Bien que R. Todros Aboulafia se refuse à dévoiler
le secret auquel il se réfère, il est
hors de doute qu'il s'agit de la présence d'un double
visage dans le plan divin, à l'image duquel l'homme
a été créé avec une face féminine
et une face masculine. En écartant la conception qui considère
que la femme a été formée après l'homme,
secondairement à lui et en dérivant de lui, notre
auteur sous-entend une dualité au niveau de l'essence divine,
comparable sans doute à celle qu'affirmait le Rabed, mais
dont les deux termes sont probablement le masculin et le féminin
plutôt que la Miséricorde et le Jugement, bien que,
comme on le verra, ces deux attributs connotent, tout au long
de l'histoire de la cabale, la nature du mâle et celle de
la femelle. Il est significatif que notre cabaliste milite pour
la création duelle de l'homme, dont l'unité est
composée de la bipolarité sexuelle, en faisant appel
non seulement au raisonnement talmudique examinant une discussion
entre maîtres des temps anciens, qui divergent sur l'interprétation
de versets bibliques, mais qu'il introduise un recours à
la tradition secrète pour laquelle il est établi
absolument et sans le moindre questionnement, que l'homme a été
créé double. Là où les spéculations
des cabalistes pouvaient entrer en opposition avec une opinion
autorisée de la tradition rabbinique - et on a vu que cette
opinion a été adoptée par des auteurs comme
le Rabed et le Rachba - notre cabaliste opte non seulement pour
l'opinion concordant avec la théorie ésotérique,
mais choisit une stratégie qui le mène à
refuser d'entériner la conception voulant que la femme
ait été créée à partir d'une
queue, en la taxant d'argutie ou de simple jeu d'interprétation.

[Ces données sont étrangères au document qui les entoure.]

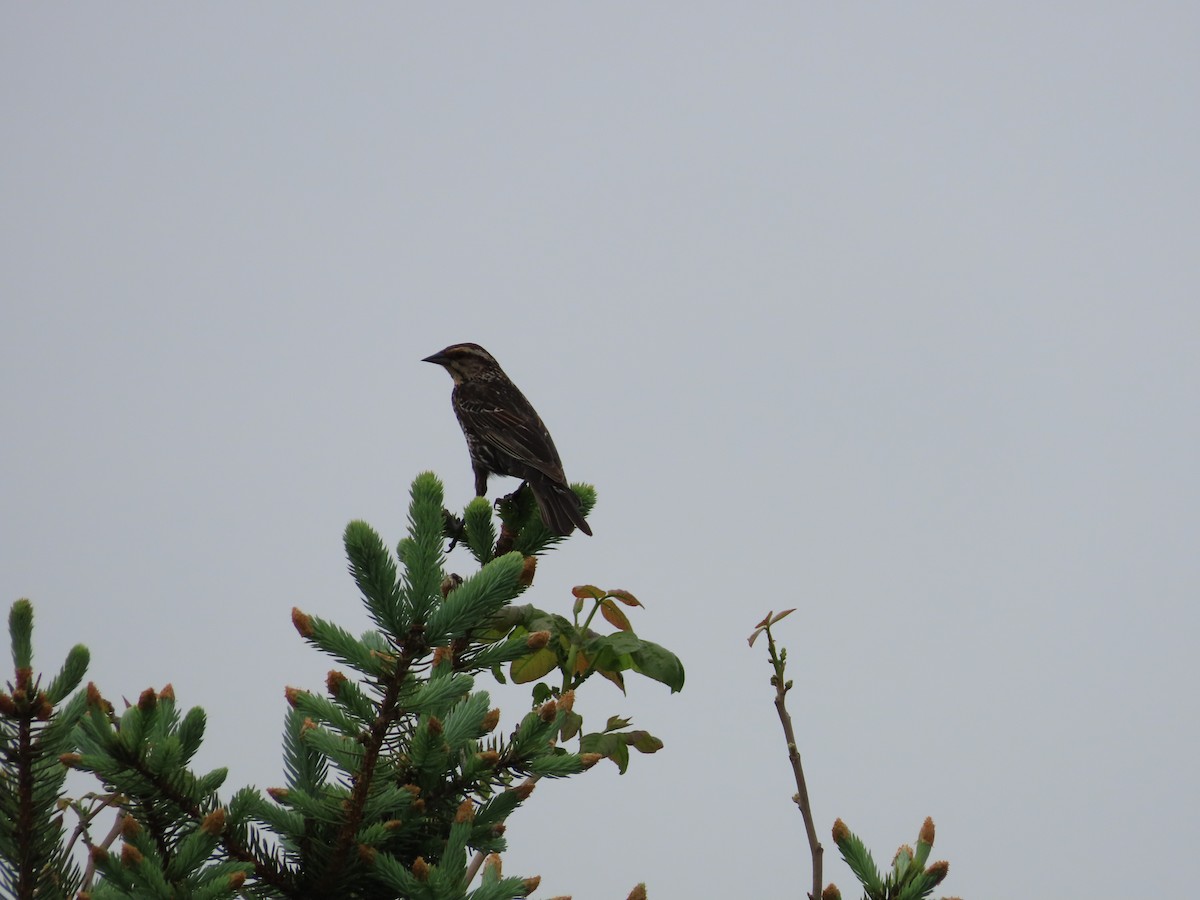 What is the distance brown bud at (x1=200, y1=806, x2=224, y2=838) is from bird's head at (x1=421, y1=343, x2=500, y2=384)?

Il n'est pas question pour lui d'admettre qu'un maître de
la tradition rabbinique ait pu penser sérieusement que
la femme vienne d'une queue et n'est qu'un appendice coupé
du corps de l'homme. Si lors de la discussion du Talmud cette
possibilité-là a été envisagée,
elle n'a été défendue que pour mettre en
évidence l'aberration des arguments qui pourraient venir
en sa faveur. L'argument principal en discussion est tiré
d'un dictum de R. Abahou qui semble affirmer une contradiction
entre l'intention divine initiale et sa réalisation finale.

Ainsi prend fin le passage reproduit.